As police cracked down on anti-war protests on college campuses across the US in recent weeks, among those arrested were a pair of silver-haired 65-year-old professors armed only with their cell phones.
Annelise Orleck was knocked to the ground and restrained with plastic handcuffs at a protest at Dartmouth College in New Hampshire. She later complained of whiplash.
Steve Tamari was tackled by officers and taken into custody at a demonstration at Washington University in St. Louis, an attack he said resulted in multiple broken ribs and a broken hand.
Each had been filming the protests in the moments before they were arrested. Both Orleck, who is Jewish, and Tamari, who is Palestinian American, said they were motivated to attend in part by a desire to support student protesters exercising their right to free speech, reports CNN.
Their stories illustrate a facet of the student-led protests that has received comparatively little attention: The role professors have played in the demonstrations, and the response by their administrations and police.
Orleck and Tamari are among at least 50 professors arrested at campus protests across the country, according to a CNN review of police records, court filings, and news reports. (Since April 18, more than 2,400 students have been arrested amid protests on more than 50 campuses.) In some cases, professors said they were actively participating in protests based on their own beliefs. Others said they attended to show support for their students.
In recent years, universities across the US have come under increasing pressure from conservative politicians and donors criticizing them as liberal bastions of “wokeness.” That pressure has heightened following the October 7 Hamas attack on Israeli civilians and the subsequent Israeli war on Hamas. Many conservative politicians and donors have accused campuses of tolerating or abetting antisemitism by allowing protests against the war, even as student protesters accuse the universities of ignoring what they call genocide. While university administrations uniformly say they are trying to allow free speech on campus while maintaining order and keeping students safe, critics say many schools too quickly turned to police action, suspensions, and other disciplinary measures to shut down protests.
At Emory University in Atlanta, an economics professor who attempted to intervene in the arrest of a protester was physically subdued by police when she did not immediately comply with an officer’s command to “get your ass…on the ground.”
In video of the incident, Caroline Fohlin’s glasses fall off as she is forced to the sidewalk and she can be heard telling officers, “You just hit my head on the concrete.” Fohlin was charged with disorderly conduct and simple battery against a police officer.
In New York, a newly retired Japanese history associate professor at Columbia University told the New York Times he had merely been taking photos of police officers assembling before raiding Columbia’s campus when he was arrested.
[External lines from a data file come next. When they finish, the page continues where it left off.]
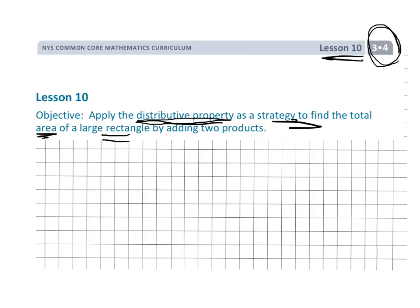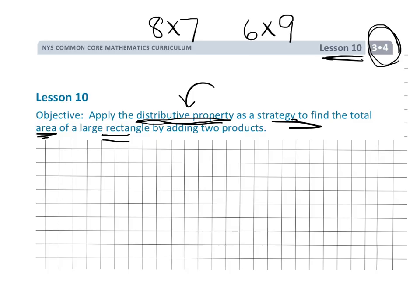Teachers, the reason why we want to go through the efforts of teaching the distributive property is because we want our third graders to master all of their multiplication facts by the end of third grade. Some of those bigger multiplication facts, like 8 times 7 or 6 times 9, we can help students access these by using the distributive property to break them down into smaller, easier multiplication facts — then add them together to get 8 times 7 is 56, or 6 times 9 is 54.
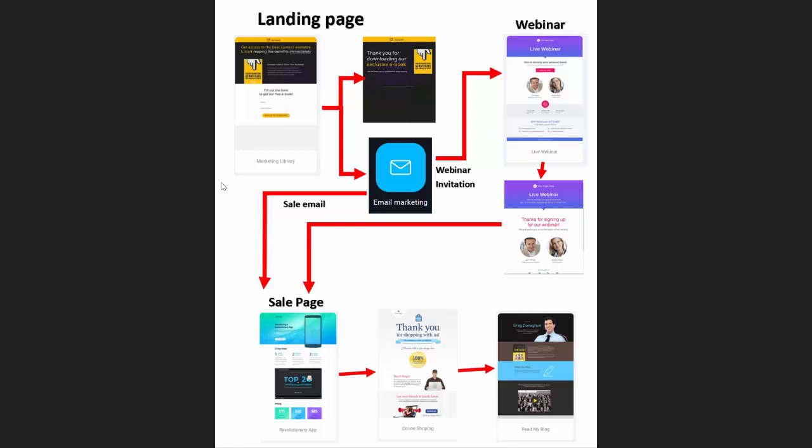So that's an example of funnel we can make with the landing page creator from GetResponse. Here we have the landing page. We can use this landing page to give an ebook and get some emails in our list, in our email marketing list. With this email we can send directly sell emails and make some sales from our sale pages, or we can invite people to a webinar and try to sell by a webinar, especially efficient if we have high value expensive products. Like this we can explain more about a product before sending people on a sale page.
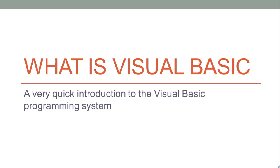In this video, you're going to be given a quick introduction to what is Visual Basic and what it is used for.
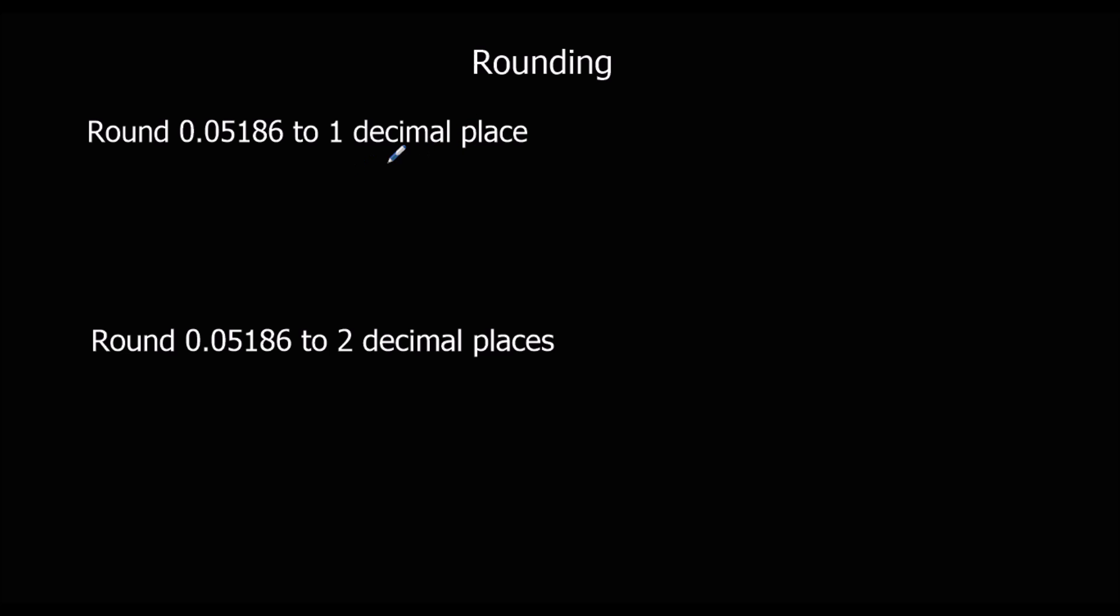Okay, again, one decimal place, one number after the decimal point. That's down there. So it's either going to be 0.0 or if it rounds up it will be 0.1.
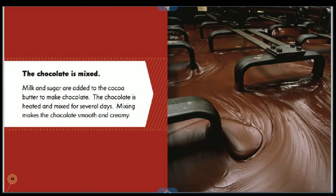The chocolate is mixed. Milk and sugar are added to the cocoa butter to make chocolate. The chocolate is heated and mixed for several days. Mixing makes the chocolate smooth and creamy.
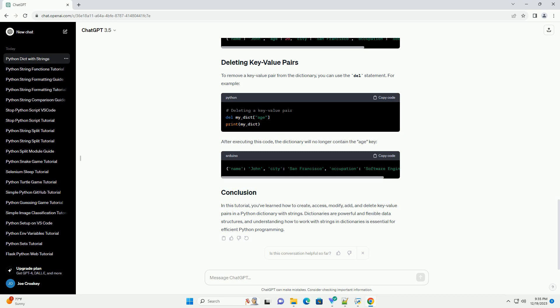In this tutorial, you've learned how to create, access, modify, add, and delete key-value pairs in a Python dictionary with strings. Dictionaries are powerful and flexible data structures, and understanding how to work with strings in dictionaries is essential for efficient Python programming.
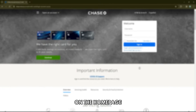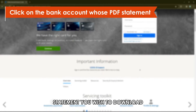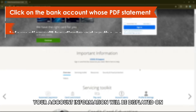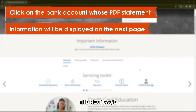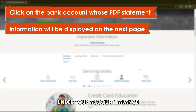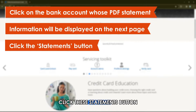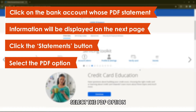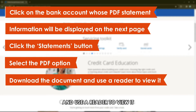On the homepage, click on the bank account whose PDF statement you wish to download. Your account information will be displayed on the next page. Under your account balance, click the Statements button. Select the PDF option. Download the document and use a reader to view it.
Gregory Pflugfelder told the paper he didn’t comply with officers’ demands he go back into his building, but played no role in the protest.
Dr. Isaac Kamola, the director of the American Association of University Professors’ Center for the Defense of Academic Freedom, said professors being hauled off in handcuffs are “the viral moments” that garner attention, but that the threats to academic freedom on college campuses are more nuanced and run much deeper.